## *De novo* TSS finding by CROWN-Seq and ReCappable-Seq

Jianheng Liu (Fox) @ Jaffrey Lab, May 31st, 2023

Concat: jil4026@med.cornell.edu

**Usage:** Modify `Prepartion` section to fit your computer. Modify `Variable` section before each run.All outputs will be saved in the `workpath`. Logs will be saved in the notebook. Don't close the `Notebook` before it finished (keep the backend at least)!

**Note 1:** In Jupyter notebook, `!` means using `bash` in the cell, and `$` means using python variables.

**Note 2:** This panel notebook should be compatible with `Python 3`. But please use `Python 2` to run the analytic scripts.

**Note 3:** I used Gencode v34 in the article for compatiblity. Here I use Ensembl release 104 for illustration. Newer annotations are normally better.

**Note 4:** This notebook is for paired-end reads.
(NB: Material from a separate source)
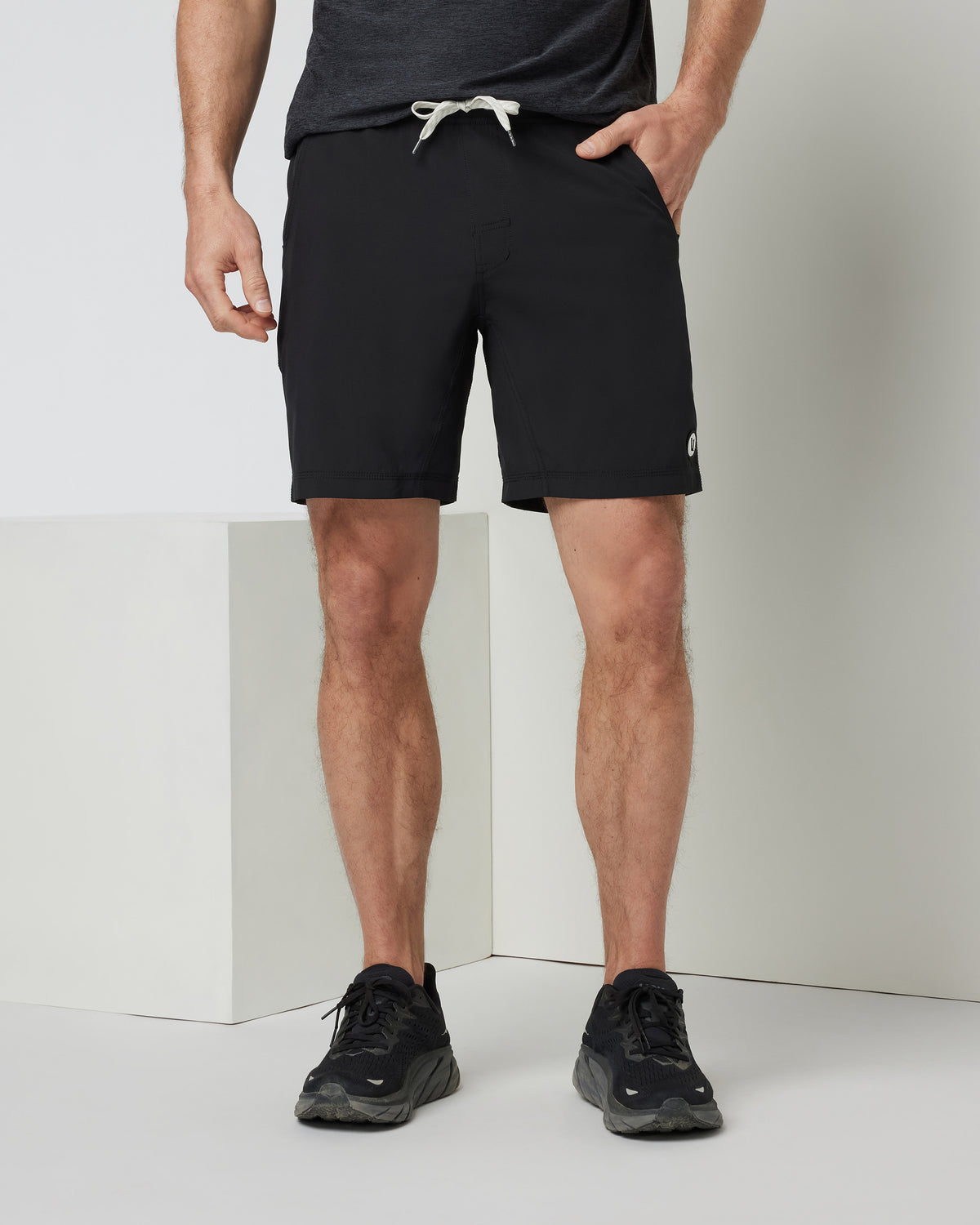Kore Short Lined 9" Men's Black Shorts 9 Inch Inseam - Vuori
If you are using single-end, switch to the scripts end with `_SE.py`. And don't forget to change the parameters.

In [1]:
# local time
from datetime import datetime
now = datetime.now()
current_time = now.strftime("%D %H:%M:%S")
print("Started:", current_time)

# Show notebook directory
!pwd -P

Started: 05/31/23 16:12:50
/home/fox/Projects/CROWN-Seq_example


### 0. Variable here

In [2]:
name = "A549_WT" # file name prefix
folder = "A549_run/"
path = "./" # output path: workpath=path/folder
workpath = path + "/" + folder + "/"
read1 = "A549_rep1_example.R1.fastq.gz" # fastq or fastq.gz
read2 = "A549_rep1_example.R2.fastq.gz"

### 1. Preparation

In [3]:
ref_genome_index = "/home/fox/Database/GLORI_index/GRCh38_r104/hisat2_index/"
ref_genome = "/home/fox/Database/GLORI_index/GRCh38_r104/hisat2_index/Homo_sapiens.GRCh38.dna_sm.primary_assembly.fa"
tx_db_exons = "/home/fox/Database/Genome/Ensembl/GRCh38_r104/Homo_sapiens.GRCh38.104.noheader.tx.bed"
tx_db_tss = "/home/fox/Database/Genome/Ensembl/GRCh38_r104/Homo_sapiens.GRCh38.104.noheader.anno.tss"
faidx = "/home/fox/Database/GLORI_index/GRCh38_r104/hisat2_index/Homo_sapiens.GRCh38.dna_sm.primary_assembly.fa.fai"
annot = "/home/fox/Database/Genome/Ensembl/GRCh38_r104/Homo_sapiens.GRCh38.104.noheader.anno"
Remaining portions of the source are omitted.